With all the books that have been published about JFK--a staggering 40,000, says the New York Times--many of which have debunked or at least tarnished the notion of his brief Presidency as something unique and exceptional, it is difficult to recreate the sense of exhilaration that accompanied his election in November 1960. My classmates and I entered Harvard that fall in the midst of the campaign, many of us were for Kennedy and by the time the votes were counted on election night we felt that something transformative had occurred. All we knew was the promise; the lessons and judgment of history were far in the future, unknowable, scarcely conceivable.

The Crimson editors decided to put out an Extra that day 50 years ago. Bruce Paisner, managing editor, was in charge of Crimson coverage of the assassination. Always cool and focused under pressure, he did an amazing job. In those days we still set type on an old-fashioned hot-metal linotype machine and did the printing on an ancient flat-bed press in the basement of the Crimson on Quincy St. Nevertheless, we had the Extra off press by the end of the afternoon, delivering by hand all over campus, including to Harvard Hall and University Hall. I personally brought a copy to the office of the Dean of Faculty, Franklin Ford, and can still remember the emotion on the face of this self-contained and soft-spoken scholar, his eyes reddened from weeping.

I recall that Bruce and I and others were in the newsroom in early afternoon when the first calls about shots in Dallas came in, from students on campus who'd heard the news on the radio and wanted us to confirm. Within a half hour we were at work on the Extra. We rented a TV and set it up in the newsroom. This was decades before the Internet, so we were depending on the TV networks and our clanky AP teletype machine, our one link to the world of (almost) real-time news. Bruce quickly handed out the assignments; mine was to man the desk, edit copy and make sure everything was as concise and accurate as the immense time pressure and the many gaps in information allowed.

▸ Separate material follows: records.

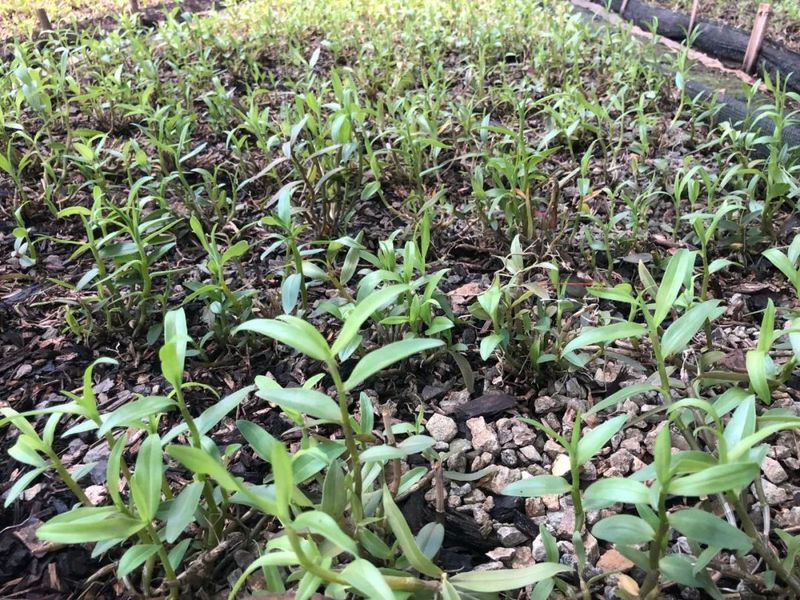 铁皮石斛大棚种植方法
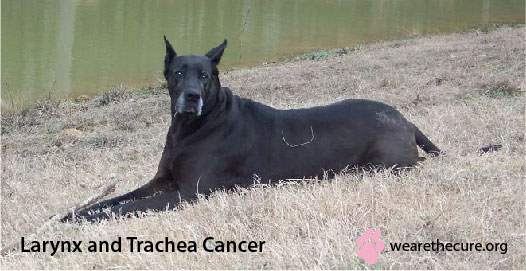 are tracheas good for dogs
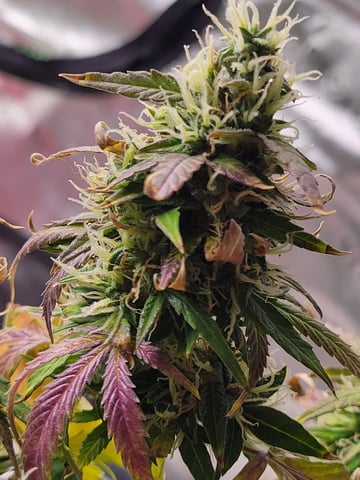 clones — done, day 117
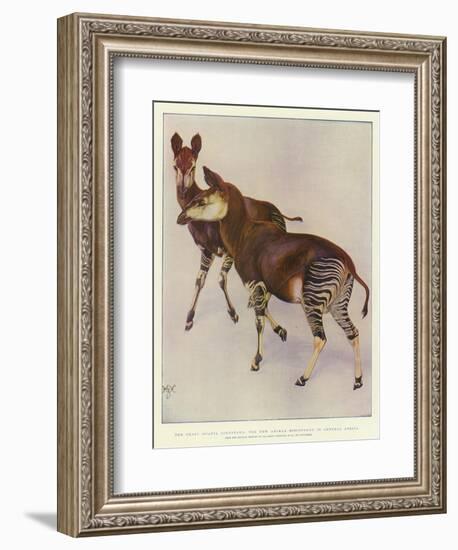 The Okapi (Ocapia Johnstoni), the New Animal Discovered in Central Africa-Harry Hamilton Johnston-Framed Giclee Print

Beyond the obvious Harvard connection of a U.S. President who was an alumnus and an Overseer of the University, and who had brought many Cambridge luminaries (McGeorge Bundy, John Kenneth Galbraith, Arthur Schlesinger Jr. and others) to the White House and to Washington, there was the immediate matter of The Game, scheduled for the next day. I believe some of the Harvard House-Yale College football games were already in progress that Friday when the news was confirmed; some may have been cancelled in midgame. Within hours The Game itself was cancelled.

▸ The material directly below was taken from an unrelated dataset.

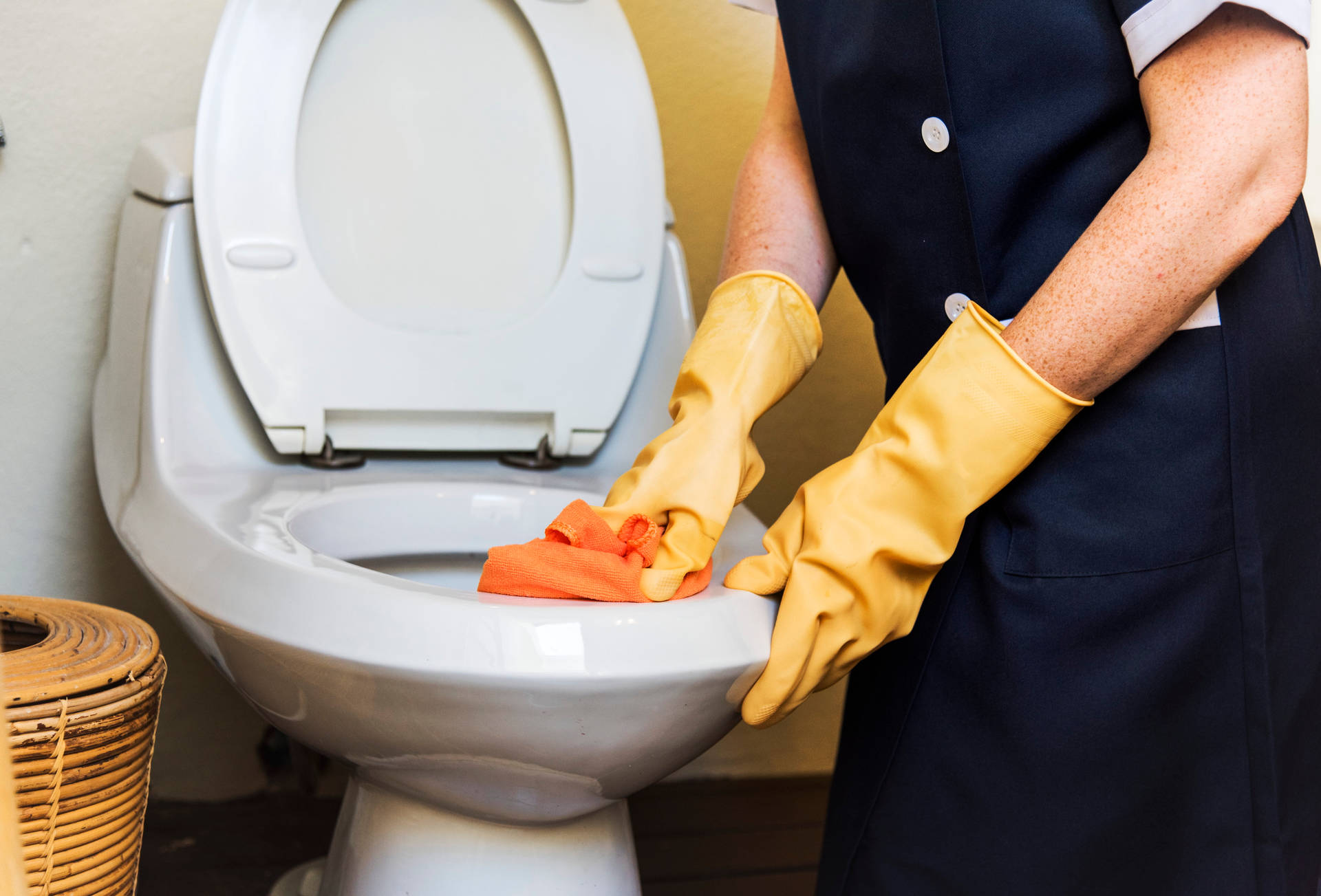 A Thorough Toilet Cleaning Produced By A Professional House Cleaner Background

Without the task at hand, of reporting, editing and putting out the Extra, many of us would have dissolved into tears but we kept it together because this was by far the most important story we would ever handle on the Crimson, and one of the most important the Crimson has covered in its long history. No one alive that day will ever forget it, and especially not those of us on the Crimson who had the special responsibility of recording history.—Efrem Sigel, November 21, 2013

*By the time this appears, some of these recollections may be in the current issue of the Crimson.